This is the official repository for the paper:
Why Do Multilingual Reasoning Gaps Emerge in Reasoning Language Models?
Deokhyung Kang, Seonjeong Hwang, Daehui Kim, Hyounghun Kim, Gary Geunbae Lee
📄 [arXiv:2510.27269]
This repository provides the analysis, detection, and mitigation framework proposed in the paper: Why Do Multilingual Reasoning Gaps Emerge in Reasoning Language Models?
The repository is designed as a paper-aligned companion repository, enabling direct and faithful reproduction of the paper’s main experimental results.
Specifically, this repo supports:
- Residual-based attribution analysis of multilingual reasoning gaps (Section 3)
- Detection of understanding failures from reasoning traces (Section 4)
- Mitigation via Selective Translation guided by failure detection (Section 5)
Each major section of the paper is mapped to a corresponding directory with a dedicated README explaining how to reproduce the results step by step.
All experiments can be run in a Conda environment with Python 3.12.
conda create -n rlm_analysis python=3.12
conda activate rlm_analysis
pip install -e .Next, install a modified version of fastText that is compatible with numpy>=2.0.
git clone https://github.com/deokhk/fastText_numpy_2.0.git
cd fastText_numpy_2.0
pip install -e .We use FastText for language identification.

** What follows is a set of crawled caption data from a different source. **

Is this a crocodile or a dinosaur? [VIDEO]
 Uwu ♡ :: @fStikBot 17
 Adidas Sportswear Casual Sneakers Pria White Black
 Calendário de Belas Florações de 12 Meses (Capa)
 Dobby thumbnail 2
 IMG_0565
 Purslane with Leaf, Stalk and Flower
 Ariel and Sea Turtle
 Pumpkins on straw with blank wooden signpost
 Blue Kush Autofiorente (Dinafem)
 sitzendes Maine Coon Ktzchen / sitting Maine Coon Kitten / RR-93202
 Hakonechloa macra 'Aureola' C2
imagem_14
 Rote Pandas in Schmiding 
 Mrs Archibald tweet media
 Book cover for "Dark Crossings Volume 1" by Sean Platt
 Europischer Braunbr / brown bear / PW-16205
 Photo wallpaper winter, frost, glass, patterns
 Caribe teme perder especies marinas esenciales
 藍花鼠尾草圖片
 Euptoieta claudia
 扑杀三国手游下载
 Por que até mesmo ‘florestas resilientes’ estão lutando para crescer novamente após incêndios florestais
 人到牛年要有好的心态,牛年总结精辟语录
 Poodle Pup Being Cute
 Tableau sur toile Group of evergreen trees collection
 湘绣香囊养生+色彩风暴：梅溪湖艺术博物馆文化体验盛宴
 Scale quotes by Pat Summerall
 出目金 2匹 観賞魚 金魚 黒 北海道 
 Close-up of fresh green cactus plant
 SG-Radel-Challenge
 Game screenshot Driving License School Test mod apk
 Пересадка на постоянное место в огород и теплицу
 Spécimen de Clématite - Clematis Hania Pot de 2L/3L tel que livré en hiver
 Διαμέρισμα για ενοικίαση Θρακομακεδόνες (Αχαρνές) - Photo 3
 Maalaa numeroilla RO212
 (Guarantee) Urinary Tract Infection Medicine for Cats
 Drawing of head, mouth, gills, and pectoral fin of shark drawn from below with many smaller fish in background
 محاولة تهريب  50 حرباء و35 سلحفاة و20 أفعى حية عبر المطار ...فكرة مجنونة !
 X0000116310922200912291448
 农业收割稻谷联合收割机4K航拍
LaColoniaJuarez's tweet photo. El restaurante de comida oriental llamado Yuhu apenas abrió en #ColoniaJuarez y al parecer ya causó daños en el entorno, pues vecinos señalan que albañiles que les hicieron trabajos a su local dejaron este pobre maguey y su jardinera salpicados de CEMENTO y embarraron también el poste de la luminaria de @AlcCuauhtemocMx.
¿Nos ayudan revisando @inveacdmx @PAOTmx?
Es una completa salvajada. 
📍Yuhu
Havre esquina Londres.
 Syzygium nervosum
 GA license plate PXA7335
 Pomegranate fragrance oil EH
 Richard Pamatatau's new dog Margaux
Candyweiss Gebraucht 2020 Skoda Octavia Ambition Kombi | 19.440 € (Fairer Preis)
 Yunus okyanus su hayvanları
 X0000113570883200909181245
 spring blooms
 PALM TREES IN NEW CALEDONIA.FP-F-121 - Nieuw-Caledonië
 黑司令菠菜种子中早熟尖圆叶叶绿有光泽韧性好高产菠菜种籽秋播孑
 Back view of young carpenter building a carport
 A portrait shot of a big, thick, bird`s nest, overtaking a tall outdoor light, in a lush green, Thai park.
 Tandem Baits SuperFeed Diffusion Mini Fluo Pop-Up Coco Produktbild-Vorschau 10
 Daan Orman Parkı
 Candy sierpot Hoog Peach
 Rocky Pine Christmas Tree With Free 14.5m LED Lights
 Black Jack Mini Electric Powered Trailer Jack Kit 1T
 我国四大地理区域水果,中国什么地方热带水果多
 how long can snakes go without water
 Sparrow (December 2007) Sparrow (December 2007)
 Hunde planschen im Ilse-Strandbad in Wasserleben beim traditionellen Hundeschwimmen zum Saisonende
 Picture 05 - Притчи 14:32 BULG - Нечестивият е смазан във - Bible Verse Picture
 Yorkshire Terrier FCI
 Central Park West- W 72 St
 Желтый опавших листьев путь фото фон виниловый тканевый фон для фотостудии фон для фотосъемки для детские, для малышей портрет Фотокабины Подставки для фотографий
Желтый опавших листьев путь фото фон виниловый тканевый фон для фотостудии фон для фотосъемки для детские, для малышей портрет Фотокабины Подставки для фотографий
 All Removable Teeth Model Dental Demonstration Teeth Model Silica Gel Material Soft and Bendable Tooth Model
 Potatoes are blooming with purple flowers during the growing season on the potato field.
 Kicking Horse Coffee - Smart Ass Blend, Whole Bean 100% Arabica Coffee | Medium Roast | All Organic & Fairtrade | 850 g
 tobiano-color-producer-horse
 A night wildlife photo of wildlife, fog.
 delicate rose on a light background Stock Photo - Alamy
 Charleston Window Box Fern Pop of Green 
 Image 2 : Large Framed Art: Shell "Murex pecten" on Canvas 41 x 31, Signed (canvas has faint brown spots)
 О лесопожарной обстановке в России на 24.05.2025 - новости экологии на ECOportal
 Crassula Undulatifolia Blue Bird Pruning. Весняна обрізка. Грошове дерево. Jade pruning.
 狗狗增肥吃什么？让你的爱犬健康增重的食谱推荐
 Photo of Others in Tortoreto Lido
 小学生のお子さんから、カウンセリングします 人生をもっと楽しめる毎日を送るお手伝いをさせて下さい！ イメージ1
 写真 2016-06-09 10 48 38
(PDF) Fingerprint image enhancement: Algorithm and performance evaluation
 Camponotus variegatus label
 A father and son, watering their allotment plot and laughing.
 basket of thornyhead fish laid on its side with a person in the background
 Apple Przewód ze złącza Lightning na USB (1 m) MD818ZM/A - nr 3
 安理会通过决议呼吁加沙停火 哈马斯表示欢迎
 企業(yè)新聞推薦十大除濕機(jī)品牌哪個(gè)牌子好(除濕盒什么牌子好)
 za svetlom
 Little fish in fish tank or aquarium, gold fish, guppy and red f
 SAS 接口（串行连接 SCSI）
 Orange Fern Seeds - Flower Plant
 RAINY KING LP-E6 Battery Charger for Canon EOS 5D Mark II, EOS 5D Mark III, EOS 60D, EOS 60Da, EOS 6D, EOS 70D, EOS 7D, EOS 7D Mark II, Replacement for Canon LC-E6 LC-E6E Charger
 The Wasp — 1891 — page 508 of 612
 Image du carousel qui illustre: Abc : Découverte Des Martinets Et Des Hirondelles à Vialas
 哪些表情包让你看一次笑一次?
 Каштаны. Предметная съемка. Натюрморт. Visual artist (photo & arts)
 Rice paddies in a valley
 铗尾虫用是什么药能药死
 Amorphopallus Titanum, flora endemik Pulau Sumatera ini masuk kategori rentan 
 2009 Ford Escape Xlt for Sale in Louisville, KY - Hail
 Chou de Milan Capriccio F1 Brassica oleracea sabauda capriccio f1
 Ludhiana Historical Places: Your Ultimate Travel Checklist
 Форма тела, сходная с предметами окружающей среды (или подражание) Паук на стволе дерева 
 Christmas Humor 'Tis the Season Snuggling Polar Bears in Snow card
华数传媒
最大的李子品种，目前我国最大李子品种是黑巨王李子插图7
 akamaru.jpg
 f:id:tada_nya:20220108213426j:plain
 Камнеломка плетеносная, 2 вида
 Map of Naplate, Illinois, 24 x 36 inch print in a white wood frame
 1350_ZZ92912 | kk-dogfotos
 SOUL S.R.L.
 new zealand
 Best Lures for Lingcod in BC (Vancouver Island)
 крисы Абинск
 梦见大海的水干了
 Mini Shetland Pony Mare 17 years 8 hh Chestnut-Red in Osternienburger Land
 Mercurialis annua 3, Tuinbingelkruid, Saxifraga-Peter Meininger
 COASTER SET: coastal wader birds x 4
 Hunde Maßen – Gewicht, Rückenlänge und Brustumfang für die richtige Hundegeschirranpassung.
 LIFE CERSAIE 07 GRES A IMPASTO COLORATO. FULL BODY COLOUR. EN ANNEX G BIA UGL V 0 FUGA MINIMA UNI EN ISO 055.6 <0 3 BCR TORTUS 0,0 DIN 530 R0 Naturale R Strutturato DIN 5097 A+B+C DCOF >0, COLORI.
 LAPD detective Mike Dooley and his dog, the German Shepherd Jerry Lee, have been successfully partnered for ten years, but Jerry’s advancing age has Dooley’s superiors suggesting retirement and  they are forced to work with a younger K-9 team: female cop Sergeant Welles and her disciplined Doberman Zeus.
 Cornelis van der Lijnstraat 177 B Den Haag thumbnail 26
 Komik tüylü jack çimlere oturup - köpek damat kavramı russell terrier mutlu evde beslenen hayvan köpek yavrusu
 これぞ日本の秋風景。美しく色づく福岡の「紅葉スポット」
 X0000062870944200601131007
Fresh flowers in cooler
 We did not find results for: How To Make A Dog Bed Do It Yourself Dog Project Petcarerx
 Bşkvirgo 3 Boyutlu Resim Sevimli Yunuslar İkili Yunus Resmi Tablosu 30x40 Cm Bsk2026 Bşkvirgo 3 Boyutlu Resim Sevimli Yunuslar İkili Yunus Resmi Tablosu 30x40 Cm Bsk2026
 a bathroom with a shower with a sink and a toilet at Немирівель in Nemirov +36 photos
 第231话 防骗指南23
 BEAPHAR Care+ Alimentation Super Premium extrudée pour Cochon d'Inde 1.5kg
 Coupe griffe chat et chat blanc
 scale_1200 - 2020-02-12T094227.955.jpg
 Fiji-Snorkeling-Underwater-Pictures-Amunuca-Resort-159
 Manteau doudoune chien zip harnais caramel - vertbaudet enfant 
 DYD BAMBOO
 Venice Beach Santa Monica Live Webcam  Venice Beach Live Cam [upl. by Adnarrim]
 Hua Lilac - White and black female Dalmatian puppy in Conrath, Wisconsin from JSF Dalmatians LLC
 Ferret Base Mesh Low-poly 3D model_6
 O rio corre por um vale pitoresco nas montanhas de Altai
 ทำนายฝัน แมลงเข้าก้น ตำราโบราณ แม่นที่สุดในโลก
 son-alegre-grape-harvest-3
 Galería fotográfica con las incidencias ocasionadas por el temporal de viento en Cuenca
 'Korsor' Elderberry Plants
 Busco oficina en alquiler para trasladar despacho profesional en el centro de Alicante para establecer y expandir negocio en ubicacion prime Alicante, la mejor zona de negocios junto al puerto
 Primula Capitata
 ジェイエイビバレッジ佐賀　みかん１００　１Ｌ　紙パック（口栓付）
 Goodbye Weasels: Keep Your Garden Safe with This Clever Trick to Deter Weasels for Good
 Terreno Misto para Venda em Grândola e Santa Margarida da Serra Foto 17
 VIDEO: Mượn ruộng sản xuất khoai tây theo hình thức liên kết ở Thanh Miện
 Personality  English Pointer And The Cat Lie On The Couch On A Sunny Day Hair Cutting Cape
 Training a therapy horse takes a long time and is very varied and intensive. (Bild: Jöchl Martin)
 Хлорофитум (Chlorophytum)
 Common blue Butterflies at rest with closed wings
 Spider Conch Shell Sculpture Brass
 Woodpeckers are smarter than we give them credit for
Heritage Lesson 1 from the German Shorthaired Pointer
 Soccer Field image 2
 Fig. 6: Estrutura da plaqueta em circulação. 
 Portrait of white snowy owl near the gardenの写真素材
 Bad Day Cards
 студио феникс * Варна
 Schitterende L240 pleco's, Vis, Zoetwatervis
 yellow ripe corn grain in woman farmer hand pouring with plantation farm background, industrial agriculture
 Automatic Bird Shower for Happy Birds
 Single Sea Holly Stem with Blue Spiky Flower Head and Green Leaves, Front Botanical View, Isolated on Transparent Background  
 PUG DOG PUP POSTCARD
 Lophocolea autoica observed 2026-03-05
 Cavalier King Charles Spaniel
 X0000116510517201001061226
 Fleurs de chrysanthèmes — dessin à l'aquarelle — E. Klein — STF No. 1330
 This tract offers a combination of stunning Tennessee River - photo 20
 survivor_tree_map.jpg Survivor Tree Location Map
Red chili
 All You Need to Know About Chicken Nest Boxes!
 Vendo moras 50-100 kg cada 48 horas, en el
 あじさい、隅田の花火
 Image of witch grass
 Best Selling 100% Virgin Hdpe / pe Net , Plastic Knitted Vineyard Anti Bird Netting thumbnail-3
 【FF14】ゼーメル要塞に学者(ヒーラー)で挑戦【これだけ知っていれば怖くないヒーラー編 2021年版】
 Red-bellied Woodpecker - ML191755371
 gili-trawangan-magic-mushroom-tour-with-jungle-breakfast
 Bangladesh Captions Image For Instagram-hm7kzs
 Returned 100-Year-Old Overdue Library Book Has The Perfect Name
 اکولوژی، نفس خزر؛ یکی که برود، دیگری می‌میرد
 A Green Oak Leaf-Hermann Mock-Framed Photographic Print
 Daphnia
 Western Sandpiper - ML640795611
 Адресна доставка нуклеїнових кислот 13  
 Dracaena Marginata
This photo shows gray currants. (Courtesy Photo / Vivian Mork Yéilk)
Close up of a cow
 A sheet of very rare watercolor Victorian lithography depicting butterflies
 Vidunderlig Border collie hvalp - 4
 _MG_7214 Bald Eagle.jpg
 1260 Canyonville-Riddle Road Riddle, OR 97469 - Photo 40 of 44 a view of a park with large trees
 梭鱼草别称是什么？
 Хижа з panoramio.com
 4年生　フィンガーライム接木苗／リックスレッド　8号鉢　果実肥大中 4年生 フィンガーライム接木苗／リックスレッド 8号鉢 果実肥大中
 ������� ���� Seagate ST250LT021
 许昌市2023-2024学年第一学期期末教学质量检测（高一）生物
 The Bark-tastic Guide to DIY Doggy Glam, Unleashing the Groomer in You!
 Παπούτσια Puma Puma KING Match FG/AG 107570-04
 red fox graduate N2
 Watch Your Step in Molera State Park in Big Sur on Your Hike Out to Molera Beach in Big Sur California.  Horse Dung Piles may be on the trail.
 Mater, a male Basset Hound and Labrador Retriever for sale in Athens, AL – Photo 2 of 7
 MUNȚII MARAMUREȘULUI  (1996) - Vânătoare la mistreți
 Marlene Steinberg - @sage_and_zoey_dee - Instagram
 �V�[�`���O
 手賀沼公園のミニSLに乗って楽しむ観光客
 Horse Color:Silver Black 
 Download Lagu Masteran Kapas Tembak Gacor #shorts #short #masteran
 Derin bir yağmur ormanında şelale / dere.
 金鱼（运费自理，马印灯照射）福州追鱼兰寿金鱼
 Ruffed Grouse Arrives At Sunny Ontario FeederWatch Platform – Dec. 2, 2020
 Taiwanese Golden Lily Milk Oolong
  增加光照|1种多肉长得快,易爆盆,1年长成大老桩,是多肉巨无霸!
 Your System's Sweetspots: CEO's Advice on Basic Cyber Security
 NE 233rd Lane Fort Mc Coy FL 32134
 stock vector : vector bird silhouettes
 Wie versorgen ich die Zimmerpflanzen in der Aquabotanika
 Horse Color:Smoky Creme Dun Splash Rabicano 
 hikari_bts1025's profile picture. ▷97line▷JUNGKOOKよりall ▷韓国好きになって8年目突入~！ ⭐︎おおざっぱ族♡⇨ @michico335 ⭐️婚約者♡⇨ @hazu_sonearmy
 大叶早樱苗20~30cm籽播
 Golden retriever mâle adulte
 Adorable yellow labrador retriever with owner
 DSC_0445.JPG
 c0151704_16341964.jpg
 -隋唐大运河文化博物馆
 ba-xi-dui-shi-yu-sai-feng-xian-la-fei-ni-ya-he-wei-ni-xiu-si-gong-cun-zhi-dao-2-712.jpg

Please download the FastText language identification model (lid.176.ftz) and move it to the misc/ directory:
wget https://dl.fbaipublicfiles.com/fasttext/supervised-models/lid.176.ftz
mv lid.176.ftz ./misc/The repository structure is organized to closely mirror the paper’s experimental pipeline.
RLM_analysis/
├── experiments/ # Guide for reproducing the paper is provided here
├── misc/ # Where the lid.176.ftz file should be placed
├── outputs/ # Where outputs for all experiments will be saved
├── src/ # Source code
├── translated_data/ # Translated queries
└── pyproject.toml # For installing requirements
Each major component under the ./experiments directory corresponds to a section of the paper:
| Paper Section | Topic | Code Entry Point |
|---|---|---|
| §3 | Why Does the Multilingual Reasoning Gap Emerge? | 3_multilingual_reasoning_gap_attribution/ |
| §4 | Detecting Understanding Failures | 4_detecting_understanding_failures/ |
| §5 | Selective Translation | 5_selective_translation/ |
Each directory contains its own README with detailed instructions for reproducing the corresponding experiments, including required inputs, scripts, and expected outputs.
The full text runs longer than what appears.